I recently found myself in a familiar place as my 11 year old stood next to me wearing his father’s tie over a Batman t-shirt lamenting the injustice of his two day banishment from the internet for acting like a lunatic when asked to find an non-screen related activity the previous day. I sat resolute, acknowledging his displeasure, and ensuring him that he will not die from this. His exit from the room was a jumble of huffs, snorts, and grunts.
Moments later, my phone rang. The boy had made his way downstairs to his father hoping for a different answer. My darling partner of nearly 20 years called to see what I thought about lifting the sentence a little early. I sat in silence as he questioned our reasonning and made what he saw as a rational argument. He ended with, “...but whatever you decide I will support.”
“Excellent. No. I’m writing. I have to go. Love you.” It’s worth noting that he did wait until the boy left the room before calling to question our parenting solidarity. As is so often the case, were it not for “Mommy, killer of Joy” the house would have been quieter but our children would think it’s ok to act like assholes.

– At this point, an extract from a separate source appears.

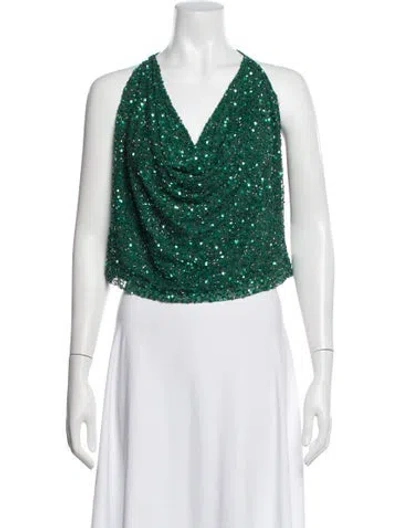 Pre-owned Retroféte Halterneck Sleeveless Crop Top In Green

The boy retreated to his bedroom where behind closed door he wailed, “Why do you love EVERYONE more than me?!? Why are you so mean to me?! Why do you treat me like garbage?! You don’t let me do anything! ANYTHING!” All while sifting through a mountain of Lego pieces and loudly clicking them into place. His gift for multi-tasking misery and creativity is unmatched.
With three children there is at least one person angry, or on the verge of hating me at all times. I would like to say that in the face of this cavalcade of prepubescent emotions, confidence and equanimity are areas of strength for me. I would also like to say I have $1,000,000 but that wouldn’t be true either. Parenting feels as I imagine tightrope walking must. With every breath you are just one moment from going over. No matter how well you think you are doing all it takes is a gust of wind, a distraction, or a “come inside and do your homework” for this delicate undertaking to disintegrate into a bloodbath of assassinated joy with Mommy behind the trigger.
When I began this motherhood journey I imagined a gauzy utopia filled with smells of the ocean, fresh baked bread, and clean laundry. I would wear flowing white dresses and be encircled by perpetually smiling, well adjusted children. Our days would be a mix of peaceful music, reading, and toys made only of blonde wood to stimulate the imagination.
Nearly 15 years into this I’m getting more comfortable with my role as the joy killer. I am also the party planner, the sleepover inviter, and the purveyor of pets. The boy did not die from losing the internet for the weekend. One day when his boss tells him something he doesn’t want to hear and he does not devolve into a puddle of tears and rage it’s unlikely that he will think I can handle this disappointment because my mother didn’t let me get away with acting like a psychopath when I was a kid, but as long as he isn’t 40 and living in my basement I guess I’ll live with that. I don’t have the slightest idea how to do this thing but I do know that they still want to tell me their stories, sing me their songs, and hug me before bed.